2011 may prove to be an interesting year in technology - the clouds are the limit. VMWare is talking about a product that allows them to move a running process from machine to machine in the middle of a transaction. It is more limited than it sounds when you read the details, and it can be made to work only if the machines are very close to each other. What it does provide is flexible banks of computers to do the work, and while some of the marketing is new, the technology has been around since 2009 (mature technology for computers).

In other technology news, the term "Butt Dialing"B (the art of telephoning family and friends by sitting on or otherwise accidentally activating a smart phone) may have permanently entered our lexicon when a public school employee, playing hip-hop music while working, resulted in a SWAT team deployment. His spouse, hearing the excited yelling of the music, thought her husband had been abducted.

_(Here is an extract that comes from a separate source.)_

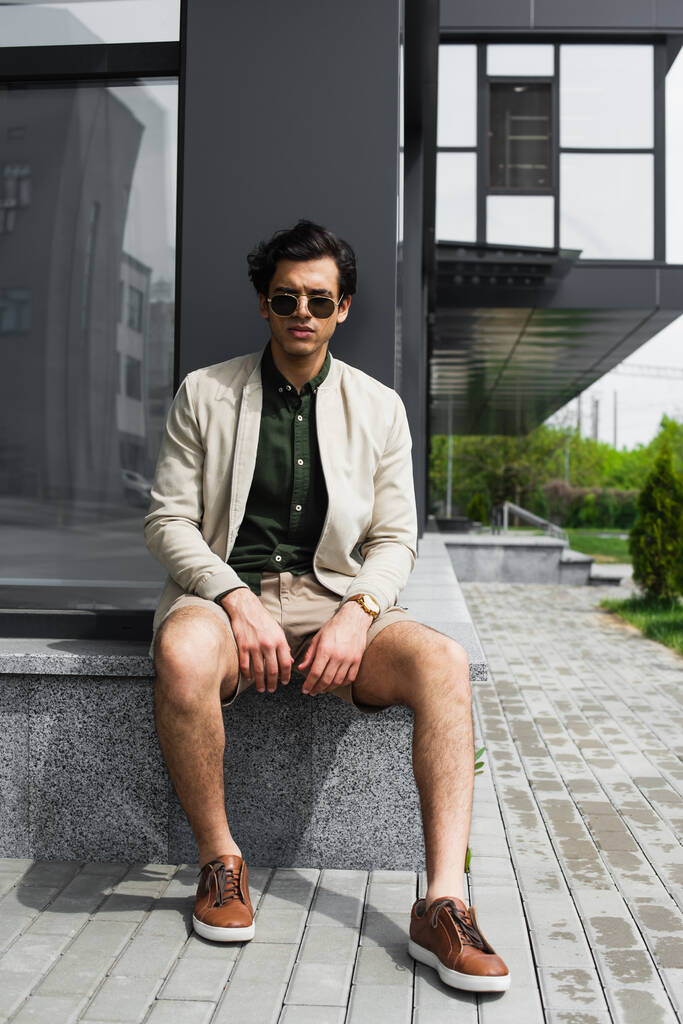longitud completa de hombre con estilo en gafas de sol sentado fuera  - Foto, imagen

Privacy rights just received a setback when the California Supreme Court ruled that a cell phone was no more private than a Post-it Note and that no warrant is necessary to peruse the phone. This will almost certainly apply to less complicated devices. Have you checked the maximum speed logged by your GPS lately?

This year Facebook promises to be a good investment (in perhaps another setback to privacy). Goldman-Sachs was besieged by takers when it offered up some of its Facebook holdings to wealthy investors.

Anid in my final story along the privacy theme, the Israeli intelligence agency, Mossad, had its plans for an inovative spy drone program cut short when one of them was captured in Saudi Arabia. The Israeli spy drone was a vulture, so technically it was arrested as a spy.

Things do not look as wornderful in the new year for Adobe. Its latest sandbox solution for security issues has already been hacked in an exploit. Adobe is classifying this as a moderate threat. As any prior use of Dbase will recall, no market position is guaranteed. If your product is bad enough or long enough you will be replaced.

And things do not look good for XP in 2011. Microsoft continues support for the product, but when a vulnerability was discovered late last year that would allow hackers to completely control a victim's PC, it was not deemed important enough to issue a patch outside of the regular cycle (and it is not even obvious it will be patched by the time of the next cycle Jan.11). Microsoft did not officially acknowledge the problem until this year, a couple of weeks after it was reported. It may only be a coincidence that Vista and Win 7 are immune to this vulnerability, but certainly XP will not get the attebtion that the newer operating systes will receive. God news for the Windows 7 early adopters!

And in good news for us, bad news for spammers, Google has worked out a way of reducing false-positive spam tests (le-mail that is not spam, but spam detectors will likely think it is sam). It is called DKIM or DomainKeys Identified Mail, but what is new is that Google is packaging and providing it to customers for free. If it reduces false-positives,it allows for stronger spam filters.